Brazil faces renewed pressure to protect Amazon rainforest

As Brazilians mark Amazon Day, rights groups say an ‘alarming’ number of wildfires has been detected in the region.

Brazil Amazon rainforest wildfire
Satellite images from Brazil's space research institute identified more than 29,000 fires in the Amazon region in August [Ueslei Marcelino/Reuters]

Brazilian President Jair Bolsonaro is under renewed criticism over widespread wildfires in the country’s Amazon rainforest, which rights groups say have reached an “alarming” level so far this year.

A group of environmental NGOs launched a website called Defund Bolsonaro this week, AFP news agency reported, urging potential investors in Brazil to insist on firm government commitments to protect the Amazon.

“Bolsonaro’s government has taken the destruction of the Amazon to unbearable levels,” the website says.

“To save the Amazon, we must defund Bolsonaro and turn the protection of the Amazon in a ‘must-have’ condition for development, business and investment.”

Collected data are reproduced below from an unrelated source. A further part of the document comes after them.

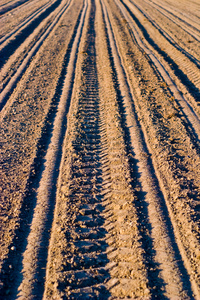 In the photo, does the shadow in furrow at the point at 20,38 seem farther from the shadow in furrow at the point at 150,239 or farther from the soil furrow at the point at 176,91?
the shadow in furrow at the point at 150,239

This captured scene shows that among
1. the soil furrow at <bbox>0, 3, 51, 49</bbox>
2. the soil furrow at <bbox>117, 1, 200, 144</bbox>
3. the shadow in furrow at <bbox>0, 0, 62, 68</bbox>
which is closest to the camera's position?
the soil furrow at <bbox>117, 1, 200, 144</bbox>

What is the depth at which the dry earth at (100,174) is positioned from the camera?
4445 mm

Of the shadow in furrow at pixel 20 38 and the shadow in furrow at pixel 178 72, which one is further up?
the shadow in furrow at pixel 20 38

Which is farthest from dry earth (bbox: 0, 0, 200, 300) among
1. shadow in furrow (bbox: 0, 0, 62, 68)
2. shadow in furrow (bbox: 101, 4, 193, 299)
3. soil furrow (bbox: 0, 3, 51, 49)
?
soil furrow (bbox: 0, 3, 51, 49)

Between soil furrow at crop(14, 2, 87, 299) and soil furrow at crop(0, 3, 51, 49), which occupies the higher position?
soil furrow at crop(0, 3, 51, 49)

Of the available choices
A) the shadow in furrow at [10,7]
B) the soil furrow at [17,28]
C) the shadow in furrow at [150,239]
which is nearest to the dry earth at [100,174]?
the shadow in furrow at [150,239]

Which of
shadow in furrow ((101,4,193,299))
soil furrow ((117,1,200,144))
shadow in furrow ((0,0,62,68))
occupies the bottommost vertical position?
shadow in furrow ((101,4,193,299))

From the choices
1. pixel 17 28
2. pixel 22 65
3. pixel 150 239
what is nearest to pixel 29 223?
pixel 150 239

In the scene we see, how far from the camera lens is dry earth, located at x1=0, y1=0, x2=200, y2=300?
175 inches

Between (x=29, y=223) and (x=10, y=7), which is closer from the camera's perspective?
(x=29, y=223)

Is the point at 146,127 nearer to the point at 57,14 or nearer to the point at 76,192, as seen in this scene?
the point at 76,192

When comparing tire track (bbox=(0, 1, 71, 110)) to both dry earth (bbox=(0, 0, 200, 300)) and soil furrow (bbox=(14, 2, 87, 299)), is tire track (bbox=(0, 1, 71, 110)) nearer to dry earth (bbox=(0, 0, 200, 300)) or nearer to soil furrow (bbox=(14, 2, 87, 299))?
dry earth (bbox=(0, 0, 200, 300))

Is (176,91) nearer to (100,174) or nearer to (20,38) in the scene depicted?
(100,174)

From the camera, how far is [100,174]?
6680mm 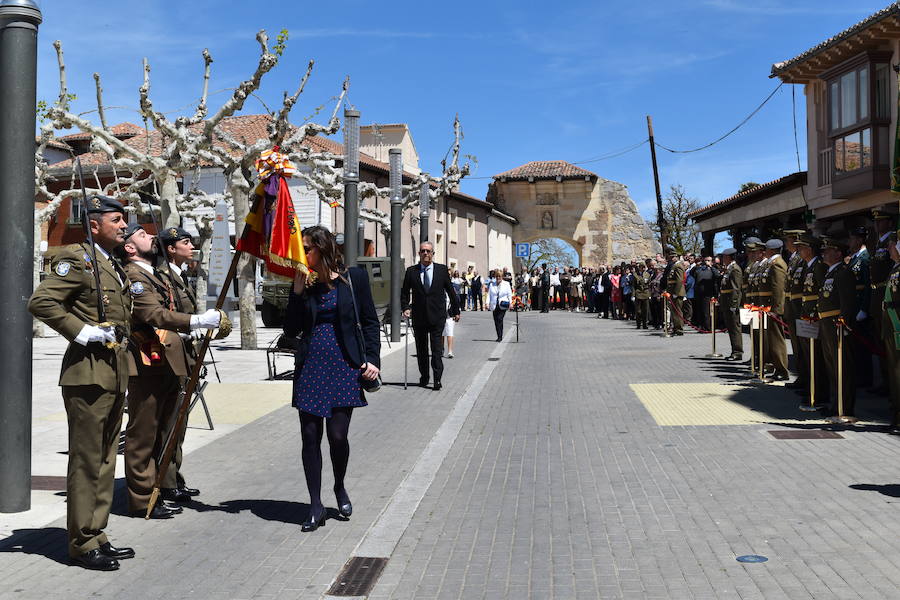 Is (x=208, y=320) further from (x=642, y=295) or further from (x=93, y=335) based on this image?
(x=642, y=295)

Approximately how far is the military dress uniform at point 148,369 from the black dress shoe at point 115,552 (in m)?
0.98

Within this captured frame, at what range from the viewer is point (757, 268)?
14008mm

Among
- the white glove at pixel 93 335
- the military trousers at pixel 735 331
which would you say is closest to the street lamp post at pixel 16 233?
the white glove at pixel 93 335

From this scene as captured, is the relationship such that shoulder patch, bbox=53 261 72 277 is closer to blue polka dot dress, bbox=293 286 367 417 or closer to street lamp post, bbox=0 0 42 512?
street lamp post, bbox=0 0 42 512

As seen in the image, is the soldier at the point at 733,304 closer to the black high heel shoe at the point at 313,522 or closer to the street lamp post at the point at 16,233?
the black high heel shoe at the point at 313,522

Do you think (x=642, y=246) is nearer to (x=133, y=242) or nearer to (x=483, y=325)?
(x=483, y=325)

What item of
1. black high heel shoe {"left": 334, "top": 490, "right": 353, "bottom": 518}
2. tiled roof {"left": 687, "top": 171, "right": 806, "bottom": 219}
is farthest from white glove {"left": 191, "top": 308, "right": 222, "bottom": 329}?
tiled roof {"left": 687, "top": 171, "right": 806, "bottom": 219}

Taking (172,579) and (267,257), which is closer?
(172,579)

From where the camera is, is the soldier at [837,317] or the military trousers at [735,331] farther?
the military trousers at [735,331]

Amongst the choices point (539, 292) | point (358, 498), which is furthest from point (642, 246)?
point (358, 498)

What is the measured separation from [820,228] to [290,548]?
2763 cm

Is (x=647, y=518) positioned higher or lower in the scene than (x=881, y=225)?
lower

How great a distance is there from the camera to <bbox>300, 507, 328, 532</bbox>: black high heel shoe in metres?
5.71

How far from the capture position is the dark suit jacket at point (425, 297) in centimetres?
1280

The campaign comes as Brazilians marked Amazon Day on Saturday, an annual commemoration of the creation of the present-day state of Amazonas.

Firefighter Brazil Amazon rainforest wildfire
A firefighter monitors a spot fire in an area of the Amazon rainforest, near Porto Velho, Rondonia State, Brazil [File: Ueslei Marcelino/Reuters]

About 60 percent of the Amazon basin region is in Brazil.

Since devastating wildfires ripped through the area last year, Bolsonaro’s government has faced global pressure to do more to protect the world’s largest rainforest, seen as vital to containing the impact of climate change.

Amnesty International warned on Thursday that “an alarming number of new fires have been detected” in the region so far this burning season.

The rights group said Brazil’s space research institute (INPE) estimated that about 63,000 fires had been detected between the start of the year and August 31.

It also said deforestation had increased by 34.5 percent between August 2019 and July 2020 compared with the same period a year earlier, and it had destroyed about 9,205 square kilometres (3,554 square miles) of the forest.

“As fires again rapidly expand this burning season, it’s abundantly clear that the Brazilian military doesn’t have the expertise or experience required to stop those torching the forest and illegally seizing protected land,” Richard Pearshouse, Amnesty’s head of environment and crisis, said in a statement.

Brazil Amazon rainforest wildfires
The Brazilian government has faced global pressure to do more to protect the world’s largest rainforest [Ueslei Marcelino/Reuters]

Under international pressure, Bolsonaro has deployed the army to the Amazon region to crack down on deforestation and fires, and decreed a ban on all agricultural burning.

But the far-right Brazilian leader this week denounced what he said was an international conspiracy, accusing him of being responsible for the fires.

“You know that NGOs don’t have a voice with me. I am firm with these people, but I can’t kill this cancer that most NGOs are,” Bolsonaro said during his regular Facebook broadcast on Thursday.

Satellite images from INPE, the Brazilian space research institute, identified more than 29,000 fires in the region in August, the second-highest number in 10 years.

The figure represents only 5 percent fewer fires than in 2019.